Mientras de este lado del Atlántico Obama y su familia paseaban bajo la lluvia por el viejo casco de La Habana y el presidente estadounidense inauguraba una nueva era en las relaciones con la isla hablando de reconciliación y paz, el terrorismo recordaba la inexistente diplomacia entre los militantes del Estado Islámico y la vieja Europa, sembrando de nuevo caos, confusión y luto. Si recién en noviembre pasado las células locales del yihadismo atacaban el centro intelectual y cultural por excelencia en la capital francesa, el martes el blanco era el centro político de Europa en la capital belga. Esto, sin contar otros atentados recientes en Burkina Faso, Malí, Turquía, Irak y Pakistán, aunque con menos cobertura mediática.

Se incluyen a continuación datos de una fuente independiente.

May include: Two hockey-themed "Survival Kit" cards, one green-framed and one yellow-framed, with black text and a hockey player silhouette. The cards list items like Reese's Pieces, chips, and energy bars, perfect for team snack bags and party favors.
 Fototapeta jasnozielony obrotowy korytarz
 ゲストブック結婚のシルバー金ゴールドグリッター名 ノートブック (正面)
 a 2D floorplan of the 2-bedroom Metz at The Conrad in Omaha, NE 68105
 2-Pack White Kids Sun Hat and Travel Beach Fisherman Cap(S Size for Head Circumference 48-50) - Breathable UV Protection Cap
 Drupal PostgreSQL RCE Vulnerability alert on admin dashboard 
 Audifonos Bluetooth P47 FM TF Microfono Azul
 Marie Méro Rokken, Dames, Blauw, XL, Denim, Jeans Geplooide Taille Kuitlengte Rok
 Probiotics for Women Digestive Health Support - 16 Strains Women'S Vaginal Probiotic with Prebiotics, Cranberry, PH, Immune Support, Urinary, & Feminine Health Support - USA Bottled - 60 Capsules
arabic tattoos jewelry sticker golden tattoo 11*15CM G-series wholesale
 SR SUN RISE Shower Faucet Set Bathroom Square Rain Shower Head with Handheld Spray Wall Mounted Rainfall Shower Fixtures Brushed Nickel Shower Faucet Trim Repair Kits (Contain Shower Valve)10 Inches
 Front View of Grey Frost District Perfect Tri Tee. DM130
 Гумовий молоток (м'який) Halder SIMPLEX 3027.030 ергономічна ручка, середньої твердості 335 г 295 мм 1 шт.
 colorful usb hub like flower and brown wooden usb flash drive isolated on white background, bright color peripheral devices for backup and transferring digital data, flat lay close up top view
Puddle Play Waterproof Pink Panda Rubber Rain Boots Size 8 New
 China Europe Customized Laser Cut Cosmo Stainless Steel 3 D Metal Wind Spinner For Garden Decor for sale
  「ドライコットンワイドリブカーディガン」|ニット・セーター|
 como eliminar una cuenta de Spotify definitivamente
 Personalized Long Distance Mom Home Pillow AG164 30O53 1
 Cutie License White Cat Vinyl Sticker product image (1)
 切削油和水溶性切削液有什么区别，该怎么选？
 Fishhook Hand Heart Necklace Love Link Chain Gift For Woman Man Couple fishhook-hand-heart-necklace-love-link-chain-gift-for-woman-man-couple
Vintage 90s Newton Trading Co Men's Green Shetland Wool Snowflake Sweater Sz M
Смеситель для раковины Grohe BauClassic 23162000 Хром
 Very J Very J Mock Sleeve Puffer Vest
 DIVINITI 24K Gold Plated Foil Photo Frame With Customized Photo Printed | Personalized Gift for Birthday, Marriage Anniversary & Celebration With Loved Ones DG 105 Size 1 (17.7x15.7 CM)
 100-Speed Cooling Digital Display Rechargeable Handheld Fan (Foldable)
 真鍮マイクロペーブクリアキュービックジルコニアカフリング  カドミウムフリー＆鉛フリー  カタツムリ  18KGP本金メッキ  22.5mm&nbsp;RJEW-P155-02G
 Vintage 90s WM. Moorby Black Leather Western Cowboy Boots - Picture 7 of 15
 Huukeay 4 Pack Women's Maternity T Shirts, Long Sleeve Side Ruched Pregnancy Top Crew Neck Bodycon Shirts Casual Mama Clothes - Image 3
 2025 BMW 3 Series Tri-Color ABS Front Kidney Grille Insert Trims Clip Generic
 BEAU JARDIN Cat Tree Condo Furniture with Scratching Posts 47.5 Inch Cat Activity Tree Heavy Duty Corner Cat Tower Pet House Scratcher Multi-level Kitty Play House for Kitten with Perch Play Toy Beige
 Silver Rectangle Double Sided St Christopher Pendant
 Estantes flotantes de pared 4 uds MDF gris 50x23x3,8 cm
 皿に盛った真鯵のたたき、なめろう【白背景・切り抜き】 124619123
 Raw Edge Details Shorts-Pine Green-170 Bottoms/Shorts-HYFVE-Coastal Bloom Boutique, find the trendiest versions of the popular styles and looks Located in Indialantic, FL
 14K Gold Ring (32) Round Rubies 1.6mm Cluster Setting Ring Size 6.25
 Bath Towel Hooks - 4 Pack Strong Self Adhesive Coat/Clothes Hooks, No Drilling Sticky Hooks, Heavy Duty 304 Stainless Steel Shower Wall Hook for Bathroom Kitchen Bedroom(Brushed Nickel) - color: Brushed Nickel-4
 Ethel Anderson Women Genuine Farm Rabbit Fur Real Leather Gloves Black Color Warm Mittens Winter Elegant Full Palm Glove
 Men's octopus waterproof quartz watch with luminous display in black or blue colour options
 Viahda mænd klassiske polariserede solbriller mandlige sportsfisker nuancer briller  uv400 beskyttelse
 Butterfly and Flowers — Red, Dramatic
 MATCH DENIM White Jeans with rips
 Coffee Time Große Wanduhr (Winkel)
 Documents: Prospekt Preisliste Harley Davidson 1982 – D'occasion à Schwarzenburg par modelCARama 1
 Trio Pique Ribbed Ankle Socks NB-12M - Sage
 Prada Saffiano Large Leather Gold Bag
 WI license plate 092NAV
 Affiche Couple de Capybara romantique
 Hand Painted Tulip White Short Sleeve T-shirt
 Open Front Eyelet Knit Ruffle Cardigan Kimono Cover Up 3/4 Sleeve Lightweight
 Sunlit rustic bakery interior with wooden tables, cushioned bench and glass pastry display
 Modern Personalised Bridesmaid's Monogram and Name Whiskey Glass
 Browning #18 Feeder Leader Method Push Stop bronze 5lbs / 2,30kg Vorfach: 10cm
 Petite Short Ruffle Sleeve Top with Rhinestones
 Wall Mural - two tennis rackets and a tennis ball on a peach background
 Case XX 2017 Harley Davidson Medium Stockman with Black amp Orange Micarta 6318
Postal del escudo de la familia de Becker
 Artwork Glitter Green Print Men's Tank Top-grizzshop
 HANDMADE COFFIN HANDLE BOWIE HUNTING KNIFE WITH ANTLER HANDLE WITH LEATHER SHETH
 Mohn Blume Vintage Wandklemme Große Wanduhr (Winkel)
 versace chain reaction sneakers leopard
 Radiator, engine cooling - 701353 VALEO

En efecto, no puede haber mayor cisma entre la luz y la oscuridad que los actos de barbarie cometidos en nombre de cualquier fanatismo, sea este ideológico o religioso. En cuanto a este último ataque, Laurent Joffrin, el director editorial del periódico francés Libération, lo resumió claramente cuando expresó que el terrorismo pretende crear una teocracia regresiva, un califato fundado sobre un islam desfigurado, agrediendo al califato de los derechos del hombre.
El fenómeno de los extremistas yihadistas remite a muchos a compararlos con las pandillas en América Central, y su primera reacción es el exterminio. Armar una guerra despiadada hasta dar con el último yihadista en el planeta o aniquilar a los mareros en las colonias marginales sin el recurso a la justicia ofrece la ilusión de ser la solución a problemas más complejos, pero sin atacar sus raíces. Las tácticas y las motivaciones de los jóvenes musulmanes y de los pandilleros centroamericanos tienen muchos paralelismos: las expresiones organizadas de violencia (efecto sorpresa, uso indiscriminado de violencia, actos inhumanos, control de territorio), lealtad (religiosa fundamentalista para unos, de protección y supervivencia para otros) y honor son similares.
Para ambas juventudes es una percepción de falta de pertenencia y una manera de contrarrestar la exclusión, sea esta étnica o económica. En el caso de los jóvenes de origen árabe, como indagan estudiosos del fenómeno yihadista en algunos países de Europa en las últimas décadas, la reacción de los estos es la consecuencia de décadas de segregación social, territorial y étnica dentro del conjunto de la sociedad. En el caso de las maras se podría decir lo mismo, además de que afecta de por sí el ya complejo fenómeno de las migraciones circulares: jóvenes exconvictos que son reclutados para combatir en Siria y luego regresan a Europa sin ser detectados por los sistemas de inteligencia. O como los jóvenes centroamericanos que huyen de la violencia social, pero que encuentran a sus pares en pandillas estadounidenses, y que luego son deportados, de tal modo que dejan estela en la ruta del migrante, como explica Édgar Gutiérrez.
Mientras los servicios de inteligencia internacional aceitan mejor sus sistemas para coordinar información y anticipar mejor ataques prevenibles, los Gobiernos tienen como tarea imprescindible invertir en programas sociales vigorosos, comprensivos y sostenidos. Es imperativo crear escuelas, empleos, viviendas y espacios sociales menos segregados, de manera que se erradique de sus estructuras y sistemas el racismo, que permea las políticas para mejorar la inclusión social. Solo así la aserción de Joffrin sobre derechos del hombre cobrará significado para todos, y no solo para algunos. Reaccionar con más violencia contra un enemigo no convencional es negar que quizá el enemigo es interno y reside en la ineficacia de integración de sus juventudes y de oportunidades para estos. Lo mismo se aplica en el Triángulo Norte centroamericano, así como en decenas de ciudades estadounidenses.
En la pintura de Magritte se aprecia un foco iluminado entre la claridad y la oscuridad. Rechazar el statu quo es darle un chance a esa luz antes de que toda racionalidad por medio de soluciones políticas se apague completamente.